#### Stored items
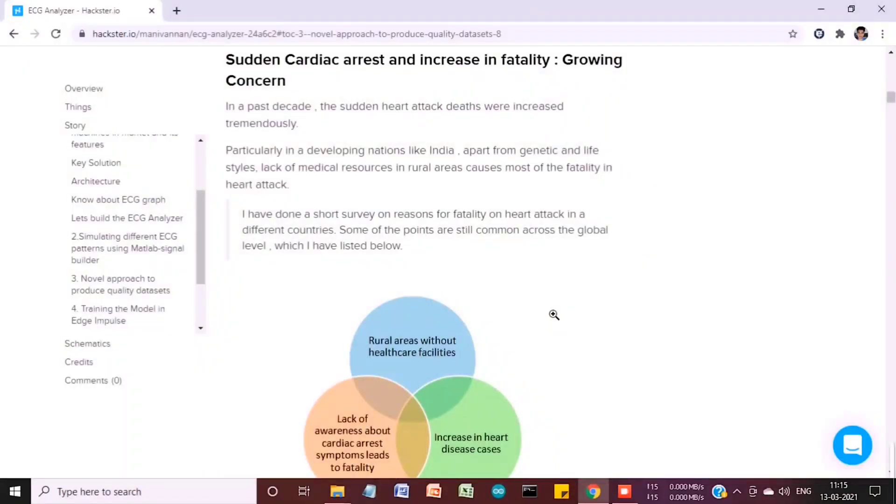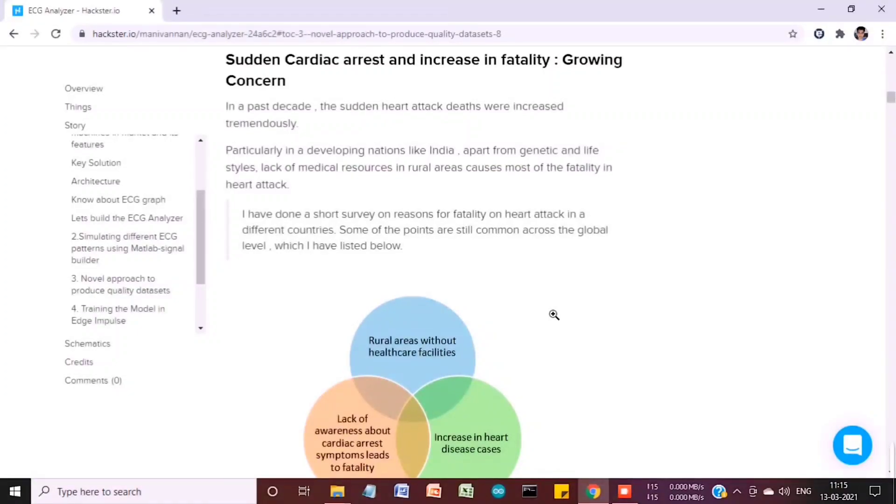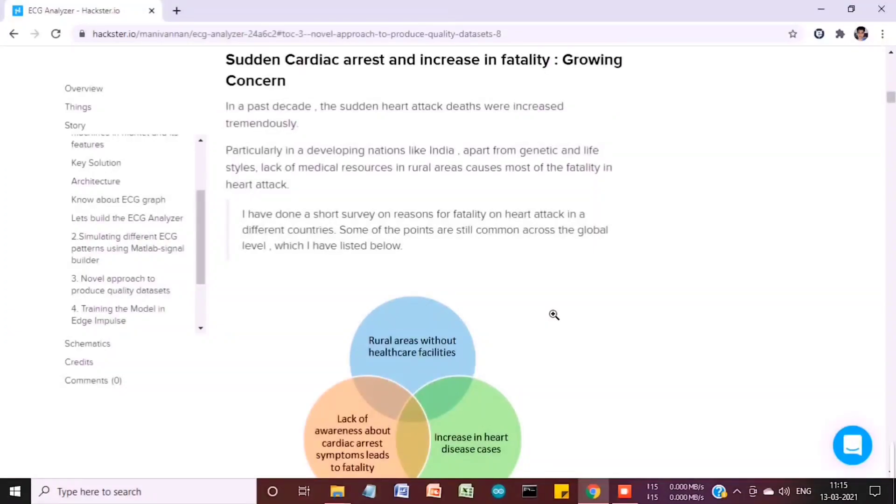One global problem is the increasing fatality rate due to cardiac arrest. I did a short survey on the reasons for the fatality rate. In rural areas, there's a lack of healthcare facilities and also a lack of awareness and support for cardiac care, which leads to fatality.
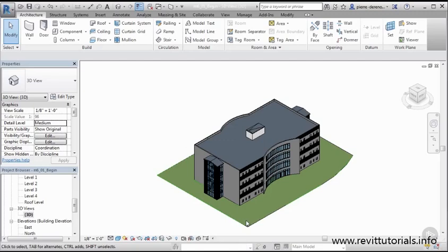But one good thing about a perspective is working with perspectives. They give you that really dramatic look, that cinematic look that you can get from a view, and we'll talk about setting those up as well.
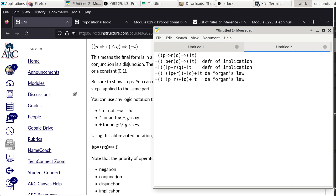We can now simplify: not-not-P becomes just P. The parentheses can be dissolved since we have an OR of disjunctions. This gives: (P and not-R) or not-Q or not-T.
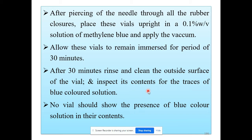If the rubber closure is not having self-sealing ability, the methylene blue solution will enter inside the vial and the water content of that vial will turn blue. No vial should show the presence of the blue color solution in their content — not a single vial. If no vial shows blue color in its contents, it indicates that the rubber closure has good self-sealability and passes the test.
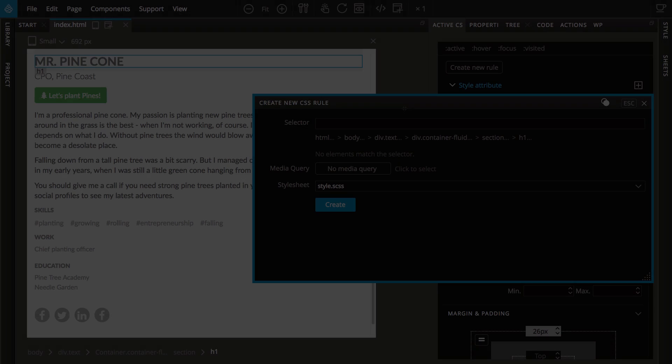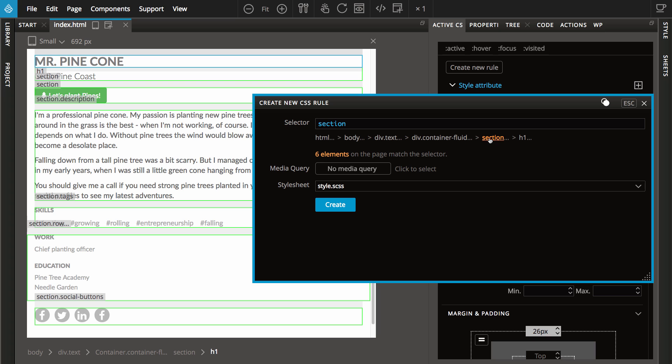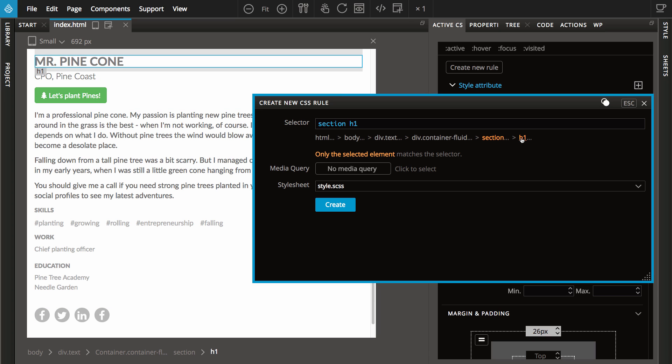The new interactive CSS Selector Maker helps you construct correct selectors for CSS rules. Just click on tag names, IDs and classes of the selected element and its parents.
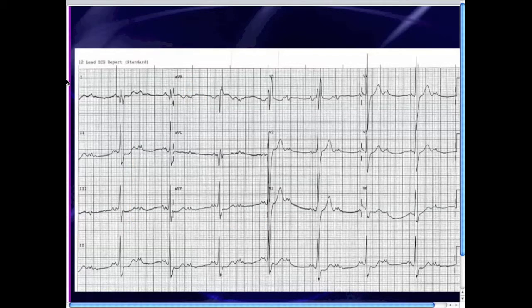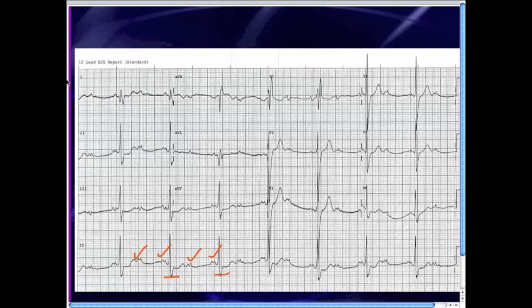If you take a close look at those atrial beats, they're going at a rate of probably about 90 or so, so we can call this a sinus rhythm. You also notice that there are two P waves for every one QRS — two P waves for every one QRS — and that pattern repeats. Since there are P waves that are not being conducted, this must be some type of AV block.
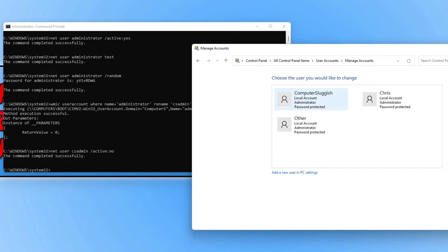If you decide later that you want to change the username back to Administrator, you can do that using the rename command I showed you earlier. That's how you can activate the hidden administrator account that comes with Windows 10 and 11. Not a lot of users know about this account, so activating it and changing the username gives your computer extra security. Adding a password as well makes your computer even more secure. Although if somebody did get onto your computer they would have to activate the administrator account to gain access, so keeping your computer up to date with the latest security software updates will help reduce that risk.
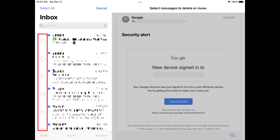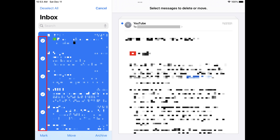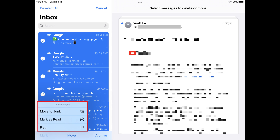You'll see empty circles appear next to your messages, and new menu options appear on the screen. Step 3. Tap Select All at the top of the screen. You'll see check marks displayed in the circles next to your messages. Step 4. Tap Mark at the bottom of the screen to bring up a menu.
==
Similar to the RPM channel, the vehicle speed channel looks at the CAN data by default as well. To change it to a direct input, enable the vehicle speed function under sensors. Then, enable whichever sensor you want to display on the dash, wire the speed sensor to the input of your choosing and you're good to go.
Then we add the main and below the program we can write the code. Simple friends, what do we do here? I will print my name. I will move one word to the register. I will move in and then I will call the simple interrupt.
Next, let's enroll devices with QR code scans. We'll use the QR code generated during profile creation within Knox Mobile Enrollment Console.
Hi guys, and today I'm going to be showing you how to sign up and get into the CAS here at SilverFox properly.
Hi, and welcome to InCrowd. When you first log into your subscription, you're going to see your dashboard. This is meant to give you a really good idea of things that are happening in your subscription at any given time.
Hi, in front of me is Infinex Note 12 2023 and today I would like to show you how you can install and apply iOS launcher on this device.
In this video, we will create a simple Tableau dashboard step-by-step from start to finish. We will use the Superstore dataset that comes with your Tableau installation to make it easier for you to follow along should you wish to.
* * *
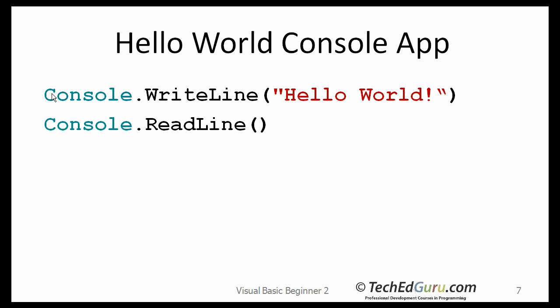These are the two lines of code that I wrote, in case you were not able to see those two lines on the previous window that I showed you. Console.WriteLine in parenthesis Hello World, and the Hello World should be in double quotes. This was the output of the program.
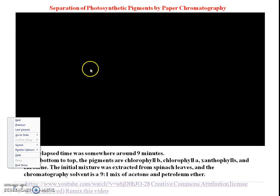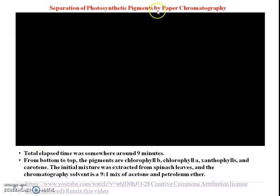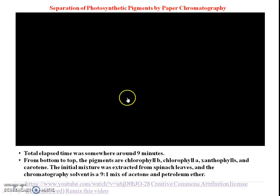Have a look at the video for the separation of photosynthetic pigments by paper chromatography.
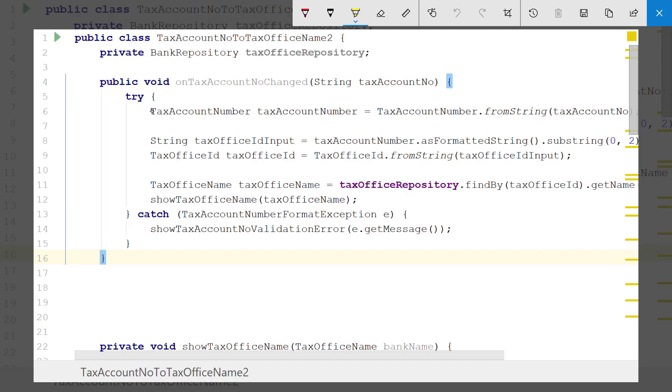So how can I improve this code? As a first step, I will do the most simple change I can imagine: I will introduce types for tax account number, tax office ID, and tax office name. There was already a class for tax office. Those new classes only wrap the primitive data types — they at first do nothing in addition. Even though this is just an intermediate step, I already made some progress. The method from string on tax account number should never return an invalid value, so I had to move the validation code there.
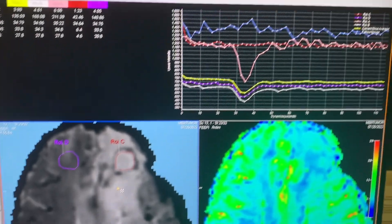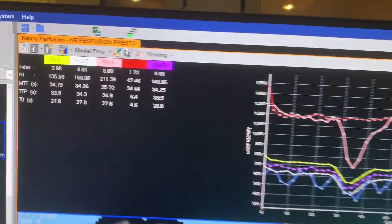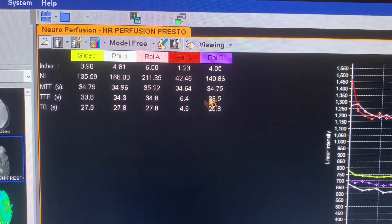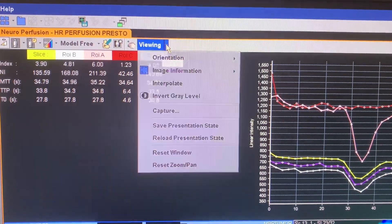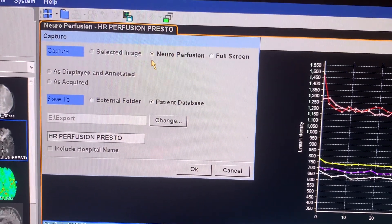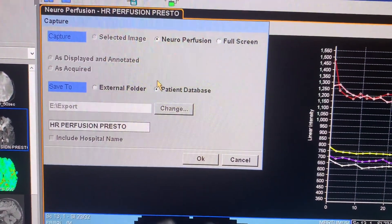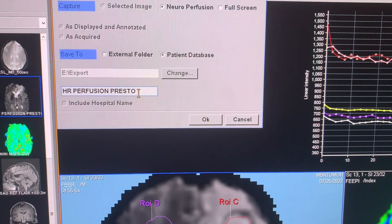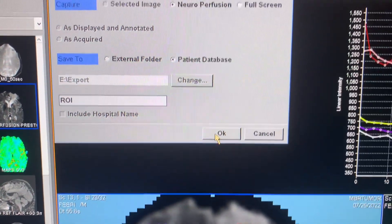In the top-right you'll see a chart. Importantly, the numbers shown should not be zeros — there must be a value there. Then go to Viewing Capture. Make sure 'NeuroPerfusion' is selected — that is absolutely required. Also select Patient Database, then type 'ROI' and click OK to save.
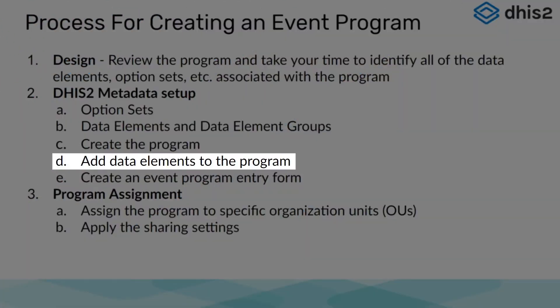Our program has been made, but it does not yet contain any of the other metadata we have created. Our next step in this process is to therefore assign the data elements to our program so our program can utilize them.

#### Problem description
Using the data above, return the lines from the one holding "These are the" through the one holding "In the top-right" exactly, but not the pictures.

#### Written response
These are the two lines of code that I wrote, in case you were not able to see those two lines on the previous window that I showed you. Console.WriteLine in parenthesis Hello World, and the Hello World should be in double quotes. This was the output of the program.
Have a look at the video for the separation of photosynthetic pigments by paper chromatography.
So how can I improve this code? As a first step, I will do the most simple change I can imagine: I will introduce types for tax account number, tax office ID, and tax office name. There was already a class for tax office. Those new classes only wrap the primitive data types — they at first do nothing in addition. Even though this is just an intermediate step, I already made some progress. The method from string on tax account number should never return an invalid value, so I had to move the validation code there.
In the top-right you'll see a chart. Importantly, the numbers shown should not be zeros — there must be a value there. Then go to Viewing Capture. Make sure 'NeuroPerfusion' is selected — that is absolutely required. Also select Patient Database, then type 'ROI' and click OK to save.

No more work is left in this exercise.